Wiltondale is a settlement on western Newfoundland in the Canadian province of Newfoundland and Labrador. It is located at the intersection between Route 430 (Great Northern Peninsula Highway/Viking Trail) and Route 431 (Bonne Bay Road).

The community takes its name from its first settler, Norman Wilton, who moved to the area from Woody Point in 1927. The family were relied upon to provide a way station for people travelling to the logging areas. For most of its existence employment to the town has been limited to logging, to supply the local sawmills and for pulpwood.

After Gros Morne National Park was established, tourism has become an important industry to the town. The community is just south of the park boundary and the Bonne Bay Development Association has established a museum and a pioneer village there. The community also provides some tourism services.

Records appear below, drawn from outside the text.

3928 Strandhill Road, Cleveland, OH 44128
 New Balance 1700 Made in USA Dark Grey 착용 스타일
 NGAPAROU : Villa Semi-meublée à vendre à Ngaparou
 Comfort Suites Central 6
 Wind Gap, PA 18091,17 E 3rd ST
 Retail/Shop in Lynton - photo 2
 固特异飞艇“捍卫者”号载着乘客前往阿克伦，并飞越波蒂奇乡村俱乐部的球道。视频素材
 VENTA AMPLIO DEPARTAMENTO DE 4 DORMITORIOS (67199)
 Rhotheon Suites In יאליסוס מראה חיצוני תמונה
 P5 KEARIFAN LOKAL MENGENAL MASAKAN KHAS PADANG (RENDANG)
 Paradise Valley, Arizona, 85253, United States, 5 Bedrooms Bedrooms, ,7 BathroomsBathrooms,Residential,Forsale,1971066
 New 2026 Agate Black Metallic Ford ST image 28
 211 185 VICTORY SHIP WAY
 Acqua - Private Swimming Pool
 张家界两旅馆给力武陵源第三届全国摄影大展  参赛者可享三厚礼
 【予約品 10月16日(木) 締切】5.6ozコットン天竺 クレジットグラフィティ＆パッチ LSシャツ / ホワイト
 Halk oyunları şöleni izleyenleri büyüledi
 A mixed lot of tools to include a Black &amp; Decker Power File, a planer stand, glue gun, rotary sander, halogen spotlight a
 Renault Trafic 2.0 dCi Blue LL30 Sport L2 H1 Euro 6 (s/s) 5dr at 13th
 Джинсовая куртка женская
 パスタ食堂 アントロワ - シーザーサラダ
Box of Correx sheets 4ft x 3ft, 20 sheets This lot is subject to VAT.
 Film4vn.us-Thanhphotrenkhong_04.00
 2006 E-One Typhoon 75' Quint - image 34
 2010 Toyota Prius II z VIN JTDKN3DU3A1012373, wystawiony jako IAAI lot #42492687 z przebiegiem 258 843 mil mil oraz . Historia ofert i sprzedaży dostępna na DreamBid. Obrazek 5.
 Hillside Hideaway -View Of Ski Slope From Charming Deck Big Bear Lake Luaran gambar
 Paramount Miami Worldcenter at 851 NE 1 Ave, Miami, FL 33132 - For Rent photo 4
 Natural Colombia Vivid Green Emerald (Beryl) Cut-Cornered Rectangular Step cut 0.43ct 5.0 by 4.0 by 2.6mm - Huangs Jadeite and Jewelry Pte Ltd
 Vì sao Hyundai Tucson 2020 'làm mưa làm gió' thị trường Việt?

In the late 1950s, Stedman Payne settled in Wiltondale and opened a small store.  This store remained the centre of Wiltondale until the early 1990s.  The village also had a one-room school called Wiltondale All Grade, a non-denominational church and a sawmill.  A gas station was built and operated by the Payne family in the late 1970s.

In 1982 the population of Wiltondale had grown to 63.  That was the peak population of permanent residents in Wiltondale.

The church burnt down and the school was eventually closed and students were bussed to nearby Deer Lake.